Data to use Block Start

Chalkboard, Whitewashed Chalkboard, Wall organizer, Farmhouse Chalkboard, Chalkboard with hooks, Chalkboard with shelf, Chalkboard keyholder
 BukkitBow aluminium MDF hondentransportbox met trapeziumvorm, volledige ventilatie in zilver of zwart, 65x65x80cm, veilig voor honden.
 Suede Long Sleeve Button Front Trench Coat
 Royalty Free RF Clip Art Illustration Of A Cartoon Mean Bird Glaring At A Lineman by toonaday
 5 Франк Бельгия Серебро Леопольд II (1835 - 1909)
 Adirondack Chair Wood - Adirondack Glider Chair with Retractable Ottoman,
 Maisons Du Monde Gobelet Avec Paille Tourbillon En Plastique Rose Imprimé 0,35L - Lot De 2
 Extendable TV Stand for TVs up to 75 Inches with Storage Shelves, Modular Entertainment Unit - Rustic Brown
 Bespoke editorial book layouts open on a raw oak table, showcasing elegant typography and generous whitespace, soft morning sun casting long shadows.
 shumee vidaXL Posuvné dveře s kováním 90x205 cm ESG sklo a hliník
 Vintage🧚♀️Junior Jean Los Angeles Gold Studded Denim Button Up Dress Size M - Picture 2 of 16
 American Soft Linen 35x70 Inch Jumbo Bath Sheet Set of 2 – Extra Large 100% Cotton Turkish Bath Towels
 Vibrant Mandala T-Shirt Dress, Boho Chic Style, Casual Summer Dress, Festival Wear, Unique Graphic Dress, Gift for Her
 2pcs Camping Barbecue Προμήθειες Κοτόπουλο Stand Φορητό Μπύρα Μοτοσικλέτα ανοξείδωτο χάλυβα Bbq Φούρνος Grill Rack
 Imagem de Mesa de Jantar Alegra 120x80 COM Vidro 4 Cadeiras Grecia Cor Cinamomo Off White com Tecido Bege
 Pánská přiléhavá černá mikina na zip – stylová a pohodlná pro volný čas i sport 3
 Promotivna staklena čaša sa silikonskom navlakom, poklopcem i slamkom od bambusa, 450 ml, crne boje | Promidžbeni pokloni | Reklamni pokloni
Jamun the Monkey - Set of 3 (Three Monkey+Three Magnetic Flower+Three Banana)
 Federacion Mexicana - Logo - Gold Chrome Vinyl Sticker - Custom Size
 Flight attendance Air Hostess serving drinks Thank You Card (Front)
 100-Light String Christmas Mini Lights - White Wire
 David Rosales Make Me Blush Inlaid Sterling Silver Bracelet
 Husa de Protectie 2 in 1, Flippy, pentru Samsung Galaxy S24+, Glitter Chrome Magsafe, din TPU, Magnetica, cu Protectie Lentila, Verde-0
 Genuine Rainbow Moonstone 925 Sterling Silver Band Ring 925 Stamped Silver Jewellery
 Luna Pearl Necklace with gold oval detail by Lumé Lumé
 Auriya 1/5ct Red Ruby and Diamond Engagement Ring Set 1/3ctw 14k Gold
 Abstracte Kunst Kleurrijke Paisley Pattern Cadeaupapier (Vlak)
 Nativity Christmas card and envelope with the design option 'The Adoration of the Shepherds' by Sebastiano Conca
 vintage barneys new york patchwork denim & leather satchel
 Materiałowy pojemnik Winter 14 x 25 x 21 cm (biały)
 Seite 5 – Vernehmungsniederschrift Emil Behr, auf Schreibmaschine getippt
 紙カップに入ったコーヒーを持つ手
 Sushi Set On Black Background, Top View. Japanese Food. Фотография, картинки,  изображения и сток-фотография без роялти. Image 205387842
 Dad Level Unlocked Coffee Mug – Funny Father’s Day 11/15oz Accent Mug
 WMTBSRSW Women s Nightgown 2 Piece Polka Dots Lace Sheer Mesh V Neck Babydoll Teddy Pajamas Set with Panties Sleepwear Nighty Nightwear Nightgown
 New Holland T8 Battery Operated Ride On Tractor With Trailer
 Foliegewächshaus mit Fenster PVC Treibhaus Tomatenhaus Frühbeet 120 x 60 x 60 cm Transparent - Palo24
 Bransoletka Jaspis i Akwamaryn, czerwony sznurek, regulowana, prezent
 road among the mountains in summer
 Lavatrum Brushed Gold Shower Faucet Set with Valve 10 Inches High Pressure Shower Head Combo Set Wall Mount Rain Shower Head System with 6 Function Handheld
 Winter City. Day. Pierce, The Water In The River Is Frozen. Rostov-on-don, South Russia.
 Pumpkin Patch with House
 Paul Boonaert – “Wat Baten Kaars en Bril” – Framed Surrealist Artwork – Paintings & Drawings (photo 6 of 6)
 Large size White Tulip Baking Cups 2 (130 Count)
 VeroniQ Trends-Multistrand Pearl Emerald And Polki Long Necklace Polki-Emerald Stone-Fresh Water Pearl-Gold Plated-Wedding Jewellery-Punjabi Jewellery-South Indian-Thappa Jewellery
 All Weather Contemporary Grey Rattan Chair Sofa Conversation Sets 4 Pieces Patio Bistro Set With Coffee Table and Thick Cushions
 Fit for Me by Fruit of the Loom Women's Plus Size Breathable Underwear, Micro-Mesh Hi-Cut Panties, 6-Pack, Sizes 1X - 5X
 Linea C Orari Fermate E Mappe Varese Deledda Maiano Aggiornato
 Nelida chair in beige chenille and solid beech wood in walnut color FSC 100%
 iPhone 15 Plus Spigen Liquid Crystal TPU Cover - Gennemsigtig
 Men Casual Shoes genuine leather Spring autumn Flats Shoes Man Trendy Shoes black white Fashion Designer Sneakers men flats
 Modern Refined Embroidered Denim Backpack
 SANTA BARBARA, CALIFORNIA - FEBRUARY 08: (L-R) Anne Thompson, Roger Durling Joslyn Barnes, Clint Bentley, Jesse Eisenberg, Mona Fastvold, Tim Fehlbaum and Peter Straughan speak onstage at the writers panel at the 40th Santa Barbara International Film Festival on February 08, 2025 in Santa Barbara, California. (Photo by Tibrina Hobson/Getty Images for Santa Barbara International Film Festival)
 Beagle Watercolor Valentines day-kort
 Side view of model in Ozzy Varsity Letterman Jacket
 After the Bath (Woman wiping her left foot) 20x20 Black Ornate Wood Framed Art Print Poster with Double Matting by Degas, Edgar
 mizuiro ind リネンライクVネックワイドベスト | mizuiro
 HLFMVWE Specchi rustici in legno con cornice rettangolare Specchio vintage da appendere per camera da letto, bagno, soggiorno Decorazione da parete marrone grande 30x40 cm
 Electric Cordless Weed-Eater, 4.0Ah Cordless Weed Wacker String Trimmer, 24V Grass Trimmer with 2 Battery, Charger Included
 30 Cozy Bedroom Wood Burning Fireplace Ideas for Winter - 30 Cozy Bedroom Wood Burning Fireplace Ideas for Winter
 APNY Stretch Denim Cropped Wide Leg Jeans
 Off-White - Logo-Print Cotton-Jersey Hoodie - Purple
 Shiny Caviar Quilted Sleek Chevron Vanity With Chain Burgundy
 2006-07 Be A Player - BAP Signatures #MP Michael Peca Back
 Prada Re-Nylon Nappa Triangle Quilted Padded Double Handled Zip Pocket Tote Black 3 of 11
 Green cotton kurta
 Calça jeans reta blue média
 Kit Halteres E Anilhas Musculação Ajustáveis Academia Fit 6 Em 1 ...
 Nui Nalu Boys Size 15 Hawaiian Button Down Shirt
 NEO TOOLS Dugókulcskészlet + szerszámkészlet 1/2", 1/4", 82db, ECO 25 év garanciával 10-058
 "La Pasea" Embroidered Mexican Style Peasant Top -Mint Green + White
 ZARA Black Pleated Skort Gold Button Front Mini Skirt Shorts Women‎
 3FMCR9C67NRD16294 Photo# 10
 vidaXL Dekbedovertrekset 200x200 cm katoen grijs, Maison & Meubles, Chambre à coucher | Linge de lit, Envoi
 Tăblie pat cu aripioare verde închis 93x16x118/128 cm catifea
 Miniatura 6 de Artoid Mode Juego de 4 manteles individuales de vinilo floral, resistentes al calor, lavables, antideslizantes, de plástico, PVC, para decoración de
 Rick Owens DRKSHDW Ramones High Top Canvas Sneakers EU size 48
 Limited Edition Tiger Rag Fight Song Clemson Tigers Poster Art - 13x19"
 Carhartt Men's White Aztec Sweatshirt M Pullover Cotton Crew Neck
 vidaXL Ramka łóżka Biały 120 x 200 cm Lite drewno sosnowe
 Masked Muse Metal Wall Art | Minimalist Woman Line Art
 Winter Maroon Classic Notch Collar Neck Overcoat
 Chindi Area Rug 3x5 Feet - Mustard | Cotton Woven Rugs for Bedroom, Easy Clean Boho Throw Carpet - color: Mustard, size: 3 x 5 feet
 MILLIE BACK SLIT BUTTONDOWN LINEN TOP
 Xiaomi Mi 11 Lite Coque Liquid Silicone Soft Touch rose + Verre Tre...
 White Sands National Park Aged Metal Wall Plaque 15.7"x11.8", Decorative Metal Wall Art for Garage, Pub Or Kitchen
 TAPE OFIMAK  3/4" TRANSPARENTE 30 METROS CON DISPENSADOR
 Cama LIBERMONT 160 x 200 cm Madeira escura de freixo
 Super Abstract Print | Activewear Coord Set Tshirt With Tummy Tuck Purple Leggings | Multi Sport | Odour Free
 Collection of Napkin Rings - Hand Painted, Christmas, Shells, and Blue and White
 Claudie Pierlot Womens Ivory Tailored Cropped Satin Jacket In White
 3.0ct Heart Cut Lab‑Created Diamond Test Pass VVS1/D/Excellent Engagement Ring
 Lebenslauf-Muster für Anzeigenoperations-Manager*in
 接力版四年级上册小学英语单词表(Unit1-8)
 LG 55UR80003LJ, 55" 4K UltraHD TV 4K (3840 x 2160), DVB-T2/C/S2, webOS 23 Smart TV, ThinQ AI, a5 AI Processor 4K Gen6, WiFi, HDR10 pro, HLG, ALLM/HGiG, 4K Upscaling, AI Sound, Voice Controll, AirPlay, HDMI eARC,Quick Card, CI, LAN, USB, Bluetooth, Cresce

Data to use Block End

- _Exercise prompt_
Above are the records; from them, give again exactly the lines from the one containing "All Weather Contemporary" to the one containing "Modern Refined Embroidered Denim Backpack", both lines included, and nothing more.

- _Response to the exercise_
 All Weather Contemporary Grey Rattan Chair Sofa Conversation Sets 4 Pieces Patio Bistro Set With Coffee Table and Thick Cushions
 Fit for Me by Fruit of the Loom Women's Plus Size Breathable Underwear, Micro-Mesh Hi-Cut Panties, 6-Pack, Sizes 1X - 5X
 Linea C Orari Fermate E Mappe Varese Deledda Maiano Aggiornato
 Nelida chair in beige chenille and solid beech wood in walnut color FSC 100%
 iPhone 15 Plus Spigen Liquid Crystal TPU Cover - Gennemsigtig
 Men Casual Shoes genuine leather Spring autumn Flats Shoes Man Trendy Shoes black white Fashion Designer Sneakers men flats
 Modern Refined Embroidered Denim Backpack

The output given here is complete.